What needs to be done: Tally the lines below that contain the word "Phone", then give the tally alone.

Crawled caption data
● ● ● ● ●

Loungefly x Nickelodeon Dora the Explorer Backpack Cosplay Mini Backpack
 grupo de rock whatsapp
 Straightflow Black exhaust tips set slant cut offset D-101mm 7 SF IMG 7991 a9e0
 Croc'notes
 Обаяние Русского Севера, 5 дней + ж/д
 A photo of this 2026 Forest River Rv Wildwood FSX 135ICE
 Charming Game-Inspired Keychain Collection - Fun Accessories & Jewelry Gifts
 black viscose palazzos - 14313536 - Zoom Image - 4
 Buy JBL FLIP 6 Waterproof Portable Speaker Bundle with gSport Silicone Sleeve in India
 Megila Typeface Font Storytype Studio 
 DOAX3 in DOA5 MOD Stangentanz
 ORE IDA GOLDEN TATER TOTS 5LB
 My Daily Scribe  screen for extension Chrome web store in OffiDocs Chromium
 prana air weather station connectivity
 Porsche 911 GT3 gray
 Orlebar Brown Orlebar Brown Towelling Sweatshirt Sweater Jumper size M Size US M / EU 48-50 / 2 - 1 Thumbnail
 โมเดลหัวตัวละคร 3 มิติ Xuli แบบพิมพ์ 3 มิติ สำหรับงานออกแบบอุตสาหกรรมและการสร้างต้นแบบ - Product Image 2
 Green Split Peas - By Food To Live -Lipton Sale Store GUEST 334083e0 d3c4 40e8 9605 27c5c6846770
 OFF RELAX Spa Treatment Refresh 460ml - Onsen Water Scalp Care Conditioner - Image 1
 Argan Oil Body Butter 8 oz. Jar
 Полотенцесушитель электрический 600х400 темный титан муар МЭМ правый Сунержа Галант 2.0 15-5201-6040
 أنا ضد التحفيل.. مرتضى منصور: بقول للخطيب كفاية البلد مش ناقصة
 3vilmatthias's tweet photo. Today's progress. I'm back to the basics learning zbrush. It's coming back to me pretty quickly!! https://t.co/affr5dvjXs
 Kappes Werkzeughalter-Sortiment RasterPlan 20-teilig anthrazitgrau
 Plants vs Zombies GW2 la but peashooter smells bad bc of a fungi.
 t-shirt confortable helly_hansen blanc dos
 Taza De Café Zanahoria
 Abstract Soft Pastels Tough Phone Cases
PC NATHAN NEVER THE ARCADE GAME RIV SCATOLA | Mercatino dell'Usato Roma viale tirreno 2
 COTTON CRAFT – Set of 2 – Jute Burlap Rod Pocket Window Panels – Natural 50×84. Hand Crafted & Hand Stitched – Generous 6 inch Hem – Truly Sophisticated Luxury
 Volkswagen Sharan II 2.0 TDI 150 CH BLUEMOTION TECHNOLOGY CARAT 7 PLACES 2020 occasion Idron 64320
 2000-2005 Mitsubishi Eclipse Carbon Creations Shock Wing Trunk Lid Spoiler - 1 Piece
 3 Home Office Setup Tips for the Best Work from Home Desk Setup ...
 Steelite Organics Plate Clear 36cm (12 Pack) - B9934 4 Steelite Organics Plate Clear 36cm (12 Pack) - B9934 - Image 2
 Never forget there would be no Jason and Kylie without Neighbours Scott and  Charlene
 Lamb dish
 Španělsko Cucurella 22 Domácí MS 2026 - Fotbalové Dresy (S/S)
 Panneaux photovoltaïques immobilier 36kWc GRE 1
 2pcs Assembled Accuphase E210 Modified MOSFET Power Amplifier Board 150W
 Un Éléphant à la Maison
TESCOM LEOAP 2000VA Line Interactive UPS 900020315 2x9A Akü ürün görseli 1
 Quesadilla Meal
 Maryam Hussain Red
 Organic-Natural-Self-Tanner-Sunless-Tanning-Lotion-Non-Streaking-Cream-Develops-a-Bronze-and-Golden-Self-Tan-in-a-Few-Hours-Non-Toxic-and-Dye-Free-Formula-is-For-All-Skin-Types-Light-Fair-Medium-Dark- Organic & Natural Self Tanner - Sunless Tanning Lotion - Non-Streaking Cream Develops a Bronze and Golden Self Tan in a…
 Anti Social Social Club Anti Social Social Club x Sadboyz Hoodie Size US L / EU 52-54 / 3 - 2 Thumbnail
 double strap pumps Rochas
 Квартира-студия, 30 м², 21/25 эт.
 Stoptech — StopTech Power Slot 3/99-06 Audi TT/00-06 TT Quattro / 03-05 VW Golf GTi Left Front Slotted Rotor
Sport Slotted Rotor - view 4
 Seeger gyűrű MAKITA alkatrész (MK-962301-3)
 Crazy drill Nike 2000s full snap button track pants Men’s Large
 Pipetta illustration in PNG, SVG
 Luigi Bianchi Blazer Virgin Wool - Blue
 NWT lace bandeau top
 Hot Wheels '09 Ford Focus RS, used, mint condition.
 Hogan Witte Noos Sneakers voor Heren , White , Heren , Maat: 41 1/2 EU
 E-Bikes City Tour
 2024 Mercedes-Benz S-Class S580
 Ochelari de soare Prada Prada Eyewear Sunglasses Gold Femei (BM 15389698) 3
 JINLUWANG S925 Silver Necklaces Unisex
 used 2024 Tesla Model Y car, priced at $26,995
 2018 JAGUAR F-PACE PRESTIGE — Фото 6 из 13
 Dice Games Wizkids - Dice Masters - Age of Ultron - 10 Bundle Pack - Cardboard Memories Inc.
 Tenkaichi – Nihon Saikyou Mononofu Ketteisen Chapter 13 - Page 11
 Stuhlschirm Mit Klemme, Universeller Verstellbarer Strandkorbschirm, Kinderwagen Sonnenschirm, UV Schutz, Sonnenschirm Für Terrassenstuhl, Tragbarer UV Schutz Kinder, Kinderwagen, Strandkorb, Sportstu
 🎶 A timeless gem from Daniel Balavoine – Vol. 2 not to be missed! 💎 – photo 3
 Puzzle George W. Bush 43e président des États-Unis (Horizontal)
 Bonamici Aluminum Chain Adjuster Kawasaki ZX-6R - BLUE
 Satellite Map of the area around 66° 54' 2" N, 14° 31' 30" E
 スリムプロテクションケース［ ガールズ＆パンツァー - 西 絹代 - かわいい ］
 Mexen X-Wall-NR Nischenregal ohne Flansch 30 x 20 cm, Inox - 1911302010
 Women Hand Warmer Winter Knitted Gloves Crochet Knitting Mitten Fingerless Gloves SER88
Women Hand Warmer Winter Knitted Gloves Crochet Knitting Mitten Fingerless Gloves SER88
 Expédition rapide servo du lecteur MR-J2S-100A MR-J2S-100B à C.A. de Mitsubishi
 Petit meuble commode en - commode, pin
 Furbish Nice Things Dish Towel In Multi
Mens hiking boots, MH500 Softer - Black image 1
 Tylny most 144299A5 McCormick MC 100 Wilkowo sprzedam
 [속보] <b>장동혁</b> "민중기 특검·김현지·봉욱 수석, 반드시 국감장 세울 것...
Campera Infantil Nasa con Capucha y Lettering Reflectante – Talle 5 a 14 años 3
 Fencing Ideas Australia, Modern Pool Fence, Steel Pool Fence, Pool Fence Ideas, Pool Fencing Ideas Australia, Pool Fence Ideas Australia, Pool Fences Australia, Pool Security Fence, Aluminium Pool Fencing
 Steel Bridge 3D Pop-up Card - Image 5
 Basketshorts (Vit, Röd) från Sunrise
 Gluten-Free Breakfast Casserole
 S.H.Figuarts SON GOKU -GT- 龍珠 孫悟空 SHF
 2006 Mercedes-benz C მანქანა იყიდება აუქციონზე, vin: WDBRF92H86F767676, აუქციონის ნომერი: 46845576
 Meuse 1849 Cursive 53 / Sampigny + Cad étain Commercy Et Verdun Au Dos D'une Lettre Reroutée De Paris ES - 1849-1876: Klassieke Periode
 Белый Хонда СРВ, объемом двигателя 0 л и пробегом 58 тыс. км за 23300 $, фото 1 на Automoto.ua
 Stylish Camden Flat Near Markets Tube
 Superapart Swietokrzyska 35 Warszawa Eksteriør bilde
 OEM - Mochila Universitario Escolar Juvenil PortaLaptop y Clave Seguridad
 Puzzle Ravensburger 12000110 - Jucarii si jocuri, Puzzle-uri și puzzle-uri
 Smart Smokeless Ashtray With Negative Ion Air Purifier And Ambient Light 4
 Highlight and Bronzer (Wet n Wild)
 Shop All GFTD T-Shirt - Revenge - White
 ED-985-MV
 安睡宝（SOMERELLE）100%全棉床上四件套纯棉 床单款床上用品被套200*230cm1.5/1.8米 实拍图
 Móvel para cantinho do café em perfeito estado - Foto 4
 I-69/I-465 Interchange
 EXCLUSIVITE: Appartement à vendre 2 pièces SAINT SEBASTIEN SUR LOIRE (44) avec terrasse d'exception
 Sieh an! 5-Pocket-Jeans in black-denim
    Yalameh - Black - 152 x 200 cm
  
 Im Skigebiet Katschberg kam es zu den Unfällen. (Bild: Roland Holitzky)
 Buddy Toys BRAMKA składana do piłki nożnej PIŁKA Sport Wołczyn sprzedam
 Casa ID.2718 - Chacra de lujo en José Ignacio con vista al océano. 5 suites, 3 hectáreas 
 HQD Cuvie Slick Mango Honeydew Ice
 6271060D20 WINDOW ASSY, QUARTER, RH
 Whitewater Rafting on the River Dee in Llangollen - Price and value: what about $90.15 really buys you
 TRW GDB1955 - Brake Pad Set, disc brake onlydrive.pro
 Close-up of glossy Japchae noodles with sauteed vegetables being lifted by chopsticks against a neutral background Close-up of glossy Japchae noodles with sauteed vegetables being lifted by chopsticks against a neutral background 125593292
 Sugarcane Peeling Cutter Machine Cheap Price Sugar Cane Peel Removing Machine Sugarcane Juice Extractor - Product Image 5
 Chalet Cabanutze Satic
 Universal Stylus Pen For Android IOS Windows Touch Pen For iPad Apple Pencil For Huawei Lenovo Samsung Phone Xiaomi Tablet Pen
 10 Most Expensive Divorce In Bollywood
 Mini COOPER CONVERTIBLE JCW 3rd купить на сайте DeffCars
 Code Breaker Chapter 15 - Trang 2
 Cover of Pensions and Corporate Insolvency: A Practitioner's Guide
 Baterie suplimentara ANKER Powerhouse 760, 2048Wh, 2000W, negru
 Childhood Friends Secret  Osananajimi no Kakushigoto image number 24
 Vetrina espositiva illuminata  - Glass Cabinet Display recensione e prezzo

● ● ● ● ●

Exercise result: 2